Each script configures:

  • Learning rate and optimizer settings (AdamW with weight decay)
  • Batch size and gradient accumulation steps for memory efficiency
  • Number of generations per prompt for diverse training signals
  • Maximum sequence lengths for input and output
  • Training epochs and checkpointing frequency
  • LoRA parameters (rank, alpha, dropout) for adapter configuration
  • Evaluation frequency and criteria

Example Usage

# Train a dynamic model with multiple task types and custom parameters
python -m grpo.dynamic_qwen0 --learning_rate 2e-5 --lora_r 32 --lora_alpha 64 --dropout 0.05 --wandb_project "math_dynamic_training"

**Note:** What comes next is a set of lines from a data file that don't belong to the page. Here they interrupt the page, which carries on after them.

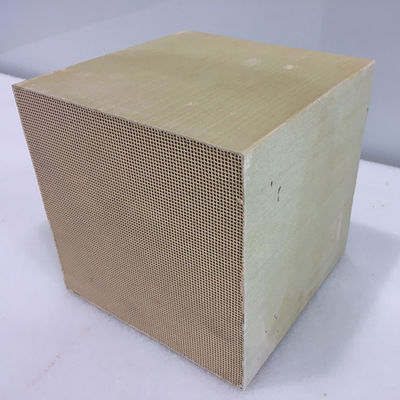 खरीदें प्राकृतिक गैस एससीआर डेनॉक्स उत्प्रेरक हनीकॉम्ब ऑनलाइन निर्माण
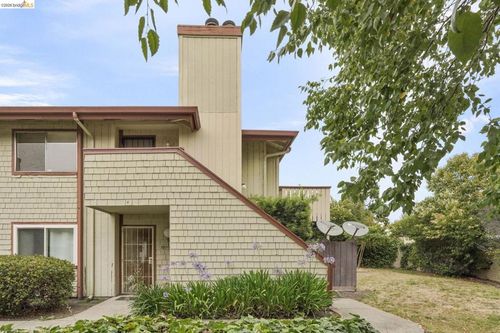 981 Cheryl Ann Cir, Hayward, CA, 94544-4447 | Card Image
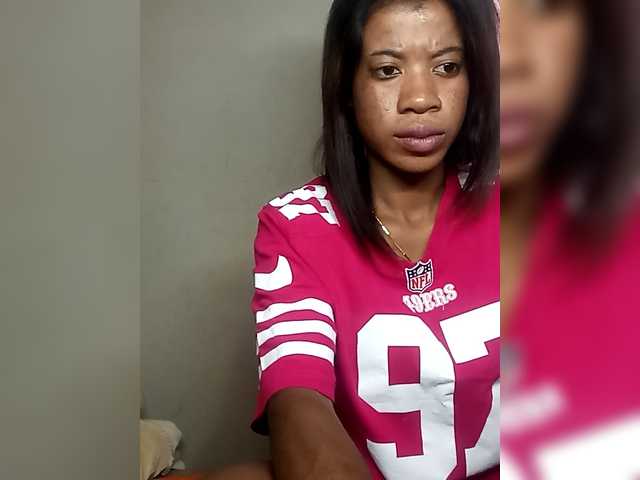 Capturas de tela de transmissão Melanie94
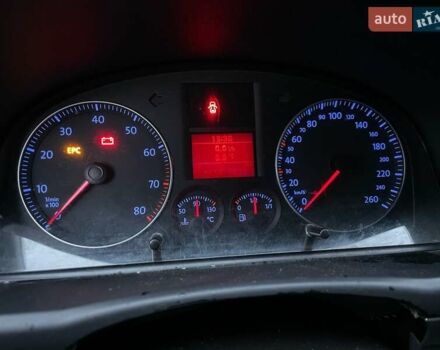 Черный Фольксваген Туран, объемом двигателя 1.97 л и пробегом 243 тыс. км за 6400 $, фото 15 на Automoto.ua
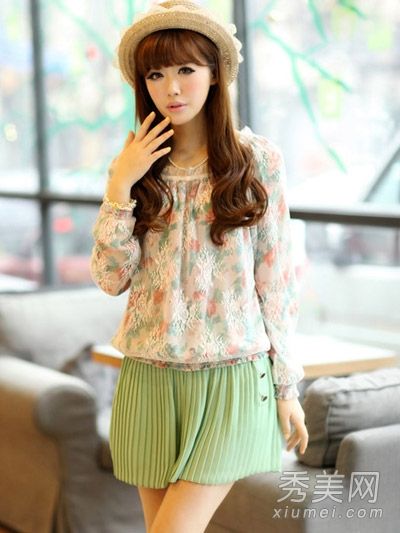 雪纺衬衫+短裤或短裙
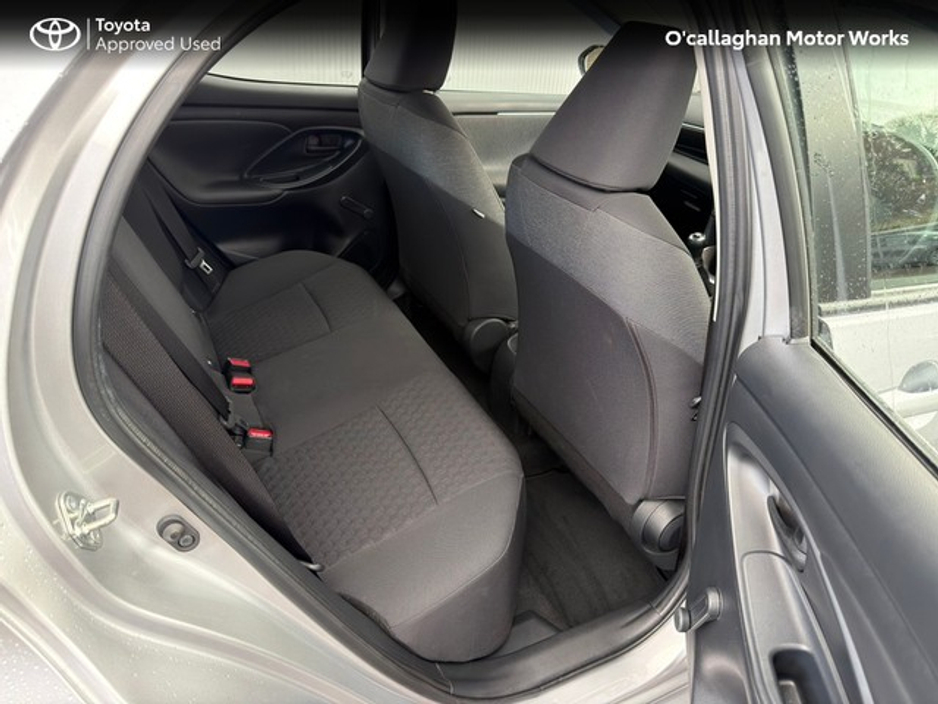 2022 Toyota Yaris 1.0 LUNA 4DR €21,950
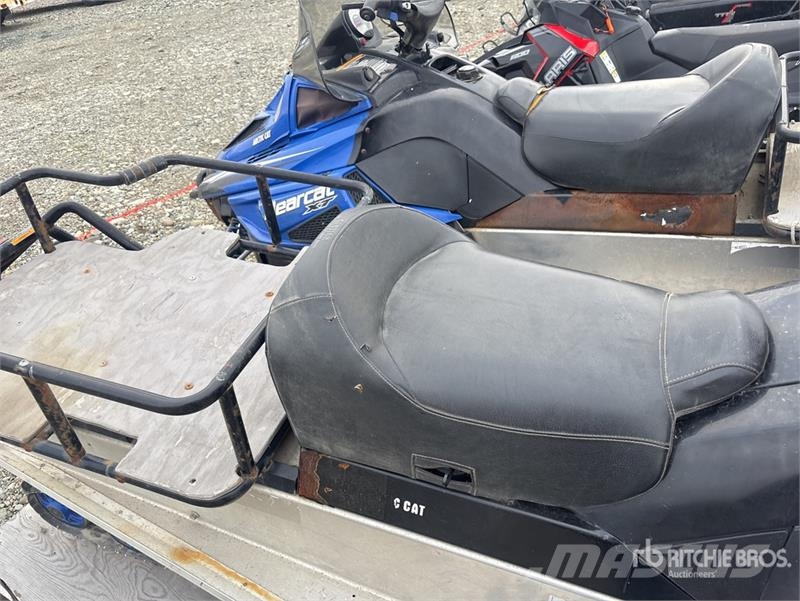 Arctic Cat Bearcat 570XT Snowmobile Snowmobiles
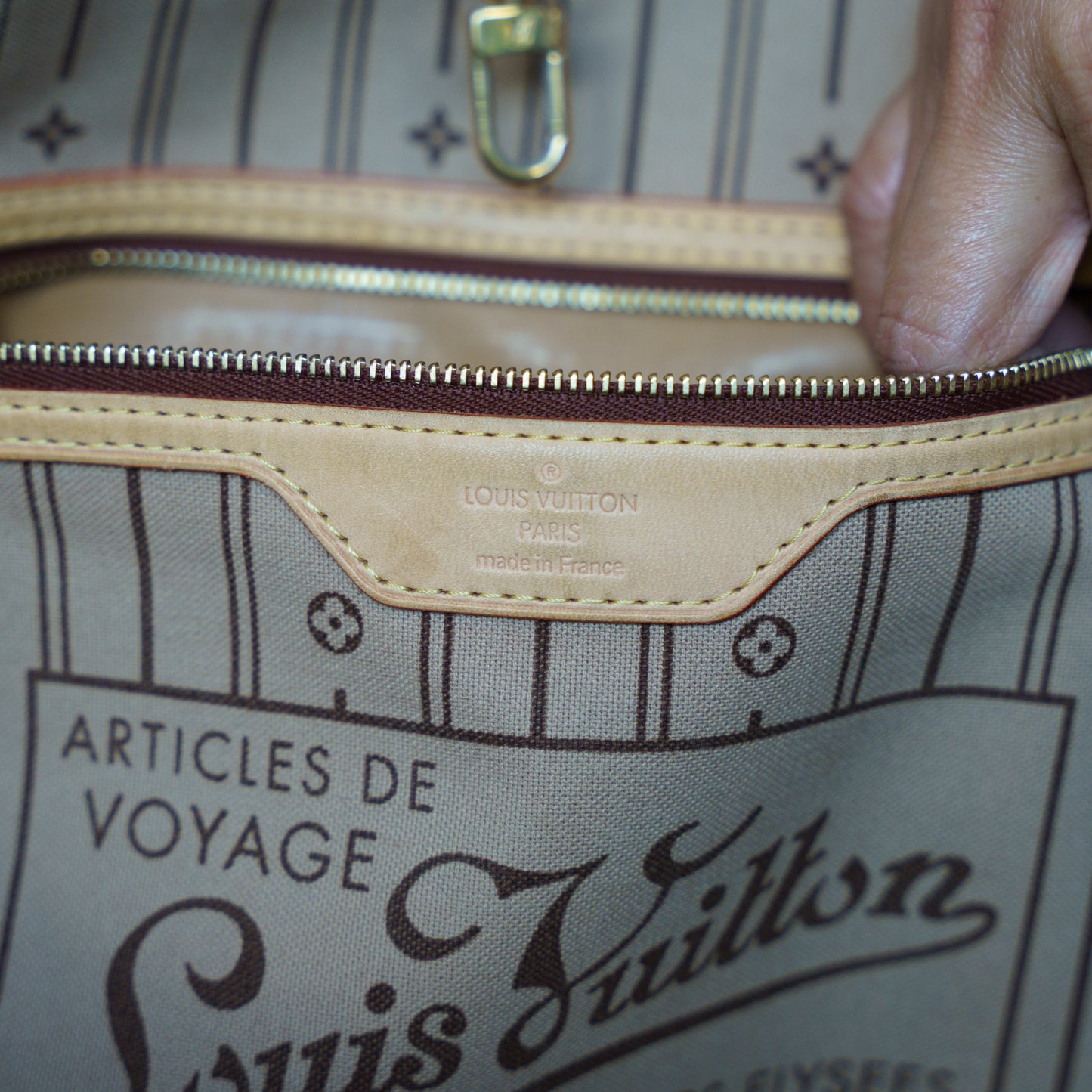 Louis Vuitton Neverfull GM in Monogram with Beige Interior 111225B10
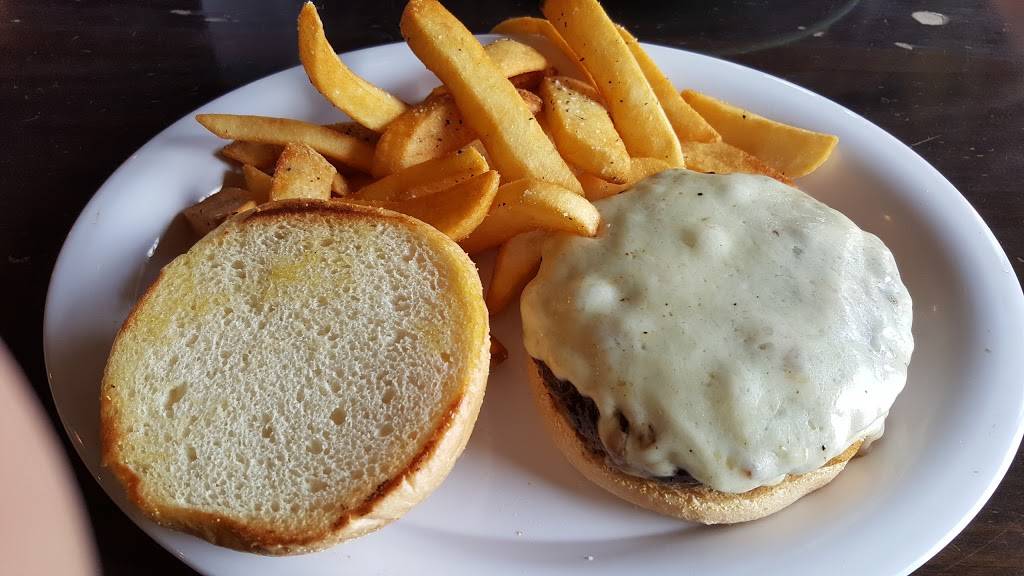 Donovans Irish Pub | restaurant | 7440 US-1, St. Augustine, FL 32095, USA | 9048290000 OR +1 904-829-0000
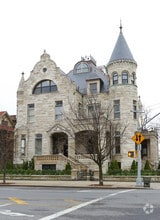Building Photo - Bailey House Apartments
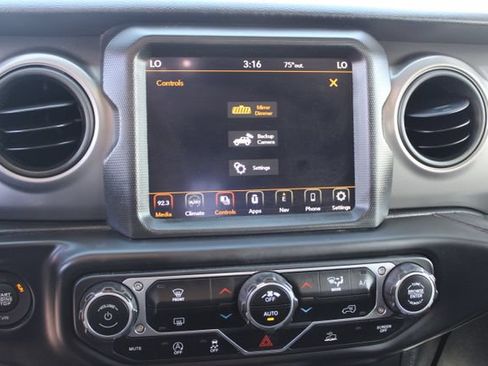 Used 2021 Jeep Wrangler Unlimited Sport AWD/4WD image 14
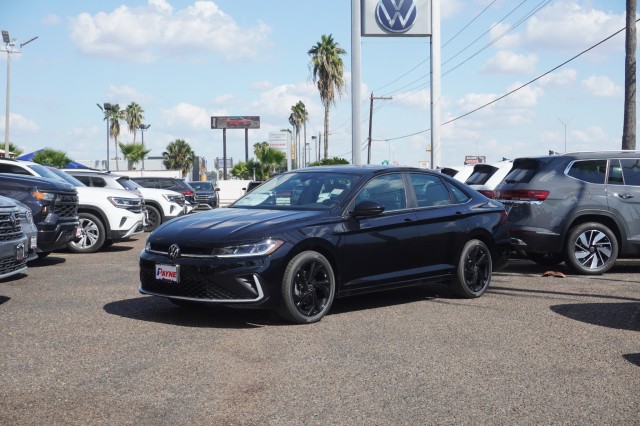 2026 Volkswagen Jetta SE's photo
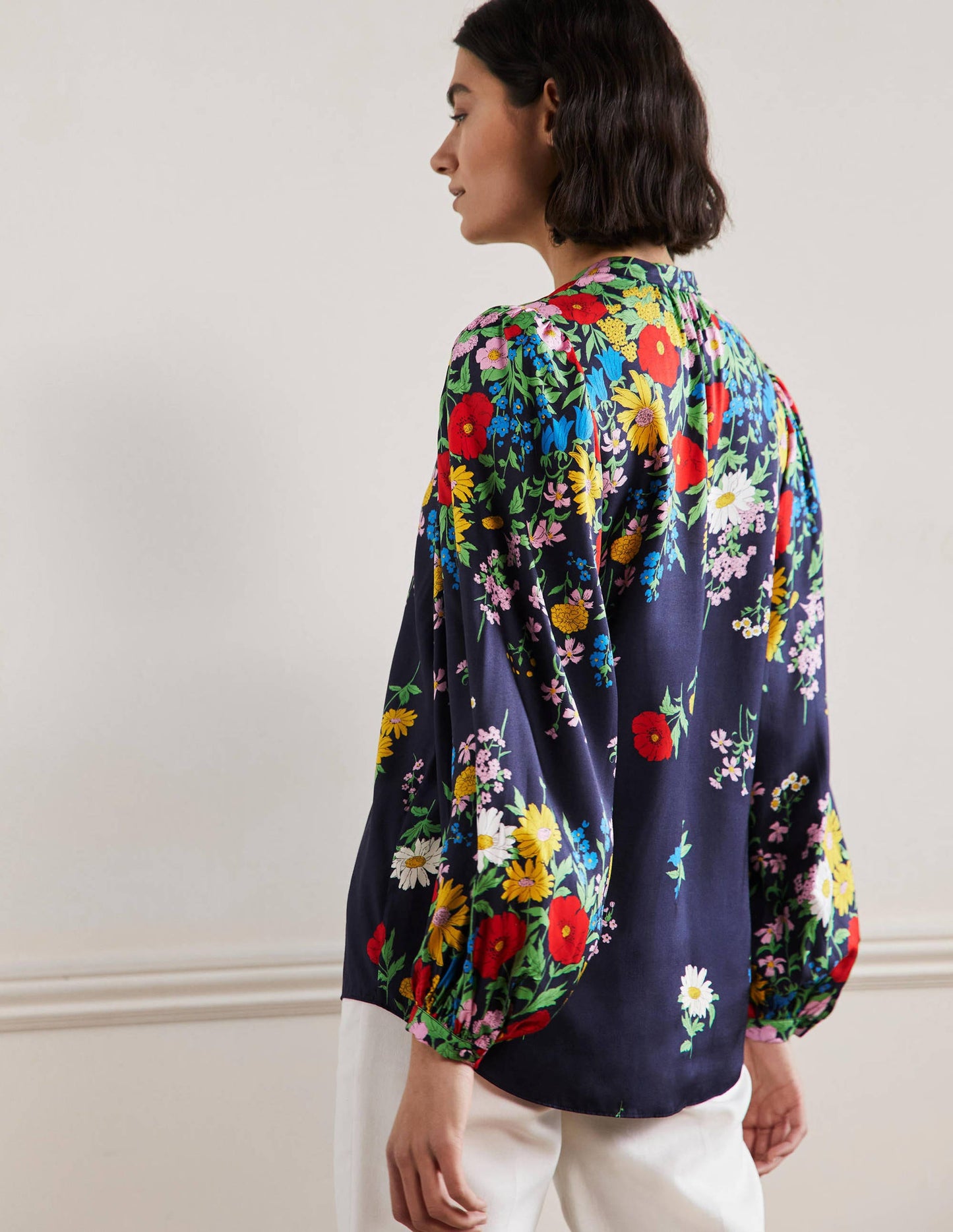 Anna Bluse mit Blousonärmeln-Navy, Botanikmuster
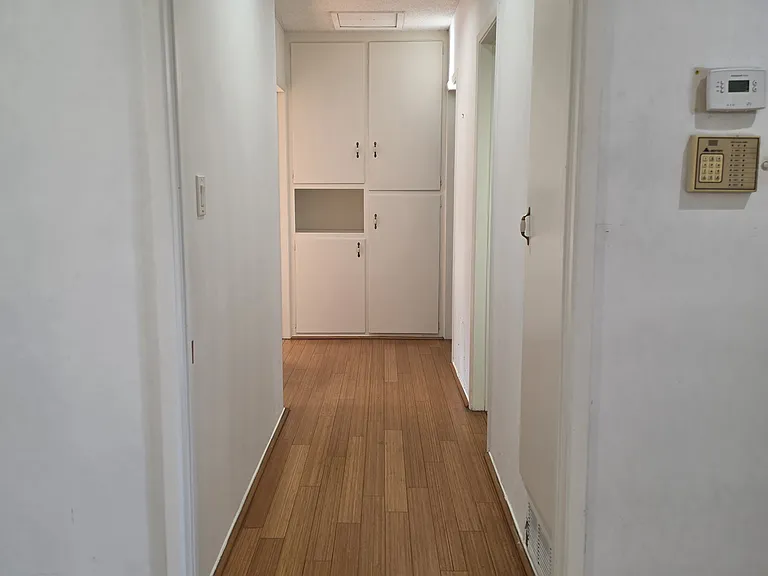 Hallway to rooms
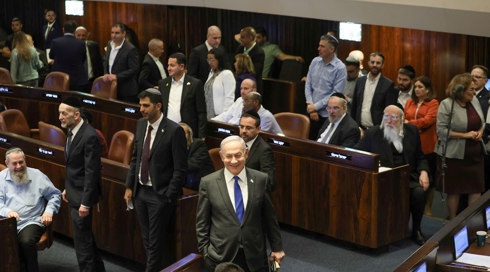 למרות הזעם בליכוד: נתניהו נוטה לתמוך בקידום חוק הגיוס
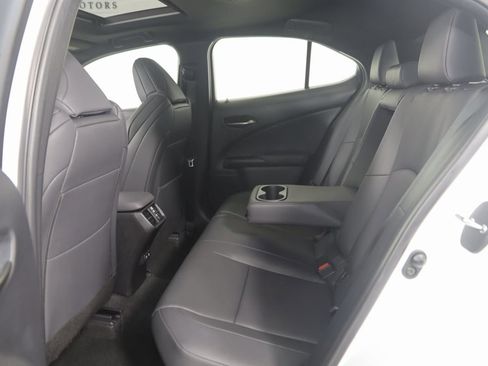 Used 2020 Lexus UX 250h F Sport image 49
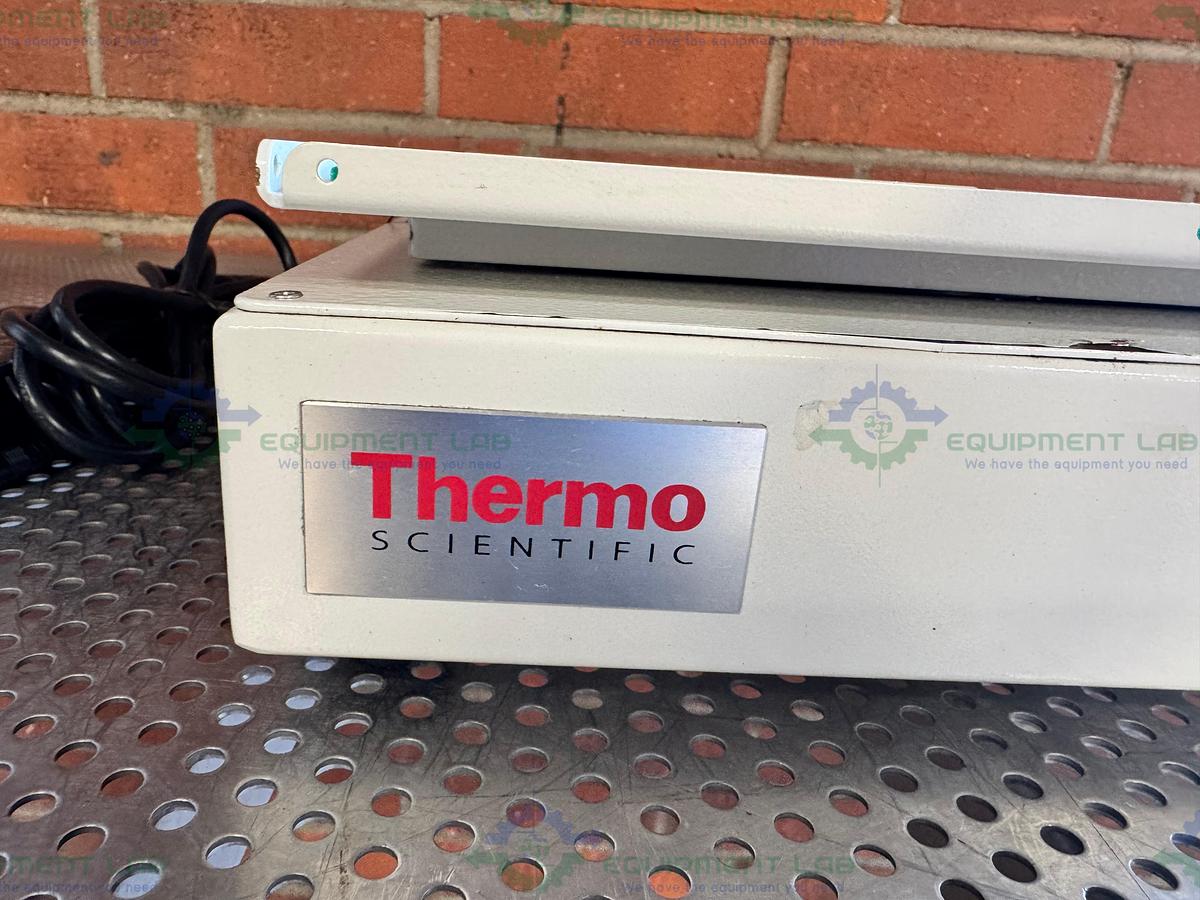 Used Thermo Scientific 88881101 MaxQ 2000 CO2 Plus Digital Orbital Shaker 19 mm Orbit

# Train a model specifically for programming tasks with larger batch size
python -m grpo.programming_qwen0 --batch_size 8 --gradient_accumulation_steps 4 --max_seq_length 2048 --save_steps 200

# Train a model for tutoring and error identification with custom dataset
python -m grpo.tutor_grpo --dataset "username/math_errors_dataset" --epochs 5 --eval_steps 100 --max_steps 10000

Model Export and Deployment

After training, models can be exported using auxilary.export_model.py with various options:

# Basic export with default settings
python -m auxilary.export_model --model-name unsloth/Qwen1.5-7B --checkpoint checkpoints/dynamic_0_20240315 --output-dir models/dynamic_0

# Export with quantization for deployment efficiency
python -m auxilary.export_model --model-name unsloth/Qwen1.5-7B --checkpoint checkpoints/tutor_20240315 --output-dir models/tutor --quantize --bits 4

# Export with specific adapter configuration
python -m auxilary.export_model --model-name unsloth/Qwen1.5-7B --checkpoint checkpoints/programming_20240315 --output-dir models/programming --adapter-name "programming_adapter"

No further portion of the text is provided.